My father shouted the unbelievable news up the stairs, and I ran down to watch the scenes on television. Within 24 hours I was on a train from the depths of provincial England, heading for Dover, across the Channel and to Berlin.

A veil had lifted - the East German guards in the train smiled as we neared Berlin through the famous "transit corridor" that linked it to West Germany and the passengers cheekily laughed with them. Berlin had changed for ever overnight, in one of the most deliciously liberating ways imaginable. In the coming days all my Berlin friends began to dream about the wall in weird and wonderful ways. I too would suddenly wake up in the night shouting "Mauer" - the German for wall - and then go quietly back to sleep.

Amid all this euphoric upheaval, I realised something that made me ashamed. I had lived in West Berlin, those two years before, and like so many people there, I had not only accepted the wall, but had also found it exciting, part of the city's charm, caring amazing little about what it would be like to live on the other side. Beyond the occasional day trips - I had felt a peculiar lack of curiosity about the real lives of the millions living under communism. How was it possible, that I'd been living on the island that was West Berlin surrounded on all sides by the East - but had not really cared?

This struck home even more when, a year later, I moved to Prague, and gradually came to know and love Czechoslovakia. This country too had previously been just a grey, slightly exotic blur on the other side of the wall.
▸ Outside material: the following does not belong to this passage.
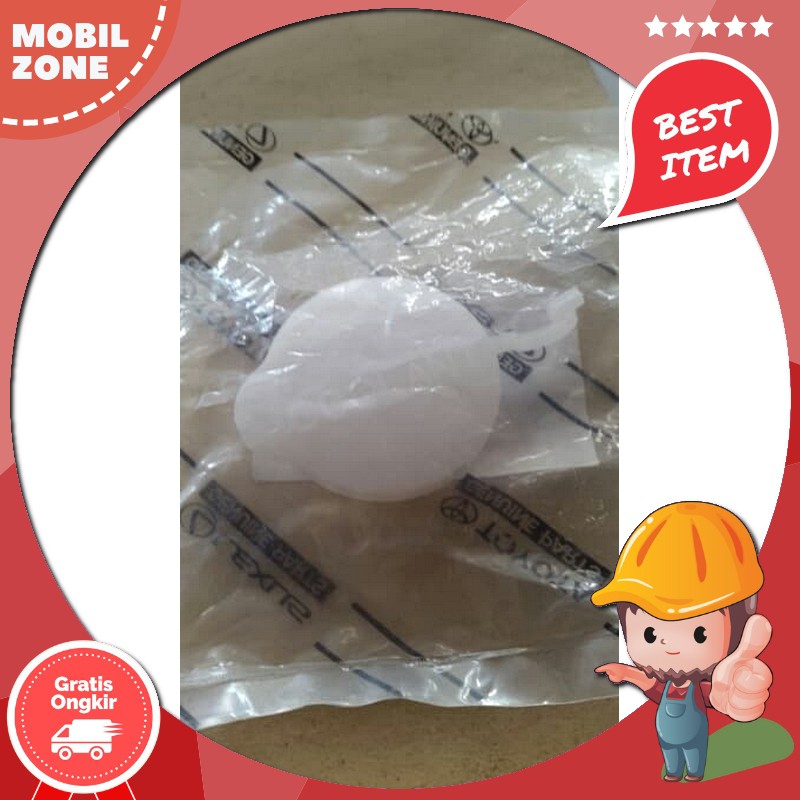 Sparepart Mobil Tutup Tabung Radiator Toyota Agya / Daihatsu Ayla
Like most people in Western Europe, I'd just quietly accepted the stereotypes about the unappealing and slightly menacing world behind the Iron Curtain.

Berlin Wall
At the time of November 1989, I kept a diary, and needless to say, most of it makes me cringe with embarrassment today. But there is one thing I wrote at the time that I still think was right. While East Germans were flocking to West Berlin, for me the opening of the wall was the dawning of an awareness of the east. I wrote in my diary, perhaps rather pompously - but I don't think I completely missed the mark - that the fall of the wall didn't mean the reunification of the free with the unfree, but that real freedom lay in that wonderful and fleeting excitement of going across - in either direction - of being able, quite literally, to "transgress" the borders of your world, to break the rules and meet the unknown. So, paradoxically enough, my own Pilgrim's Progress was from West to East, and that is where I've stayed to this day.
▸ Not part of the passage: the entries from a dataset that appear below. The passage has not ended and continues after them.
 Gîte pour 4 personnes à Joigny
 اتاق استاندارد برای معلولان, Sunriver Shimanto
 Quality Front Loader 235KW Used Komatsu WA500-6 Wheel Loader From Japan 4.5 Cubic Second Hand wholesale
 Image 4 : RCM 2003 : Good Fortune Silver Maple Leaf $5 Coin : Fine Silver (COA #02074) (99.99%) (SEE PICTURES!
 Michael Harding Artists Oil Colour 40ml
I should add at the end that Bernard and I made a rather bad job of the water-heater. When I next saw my parents a couple of months later, they told me that we'd mixed up the pipes and it had been weeks before they'd managed to stop scalding water coming out from all the cold taps. Obviously my mind had been on other things. But I must say that thanks to that day in November 1989, I still feel a deep attachment to that particular water-heater.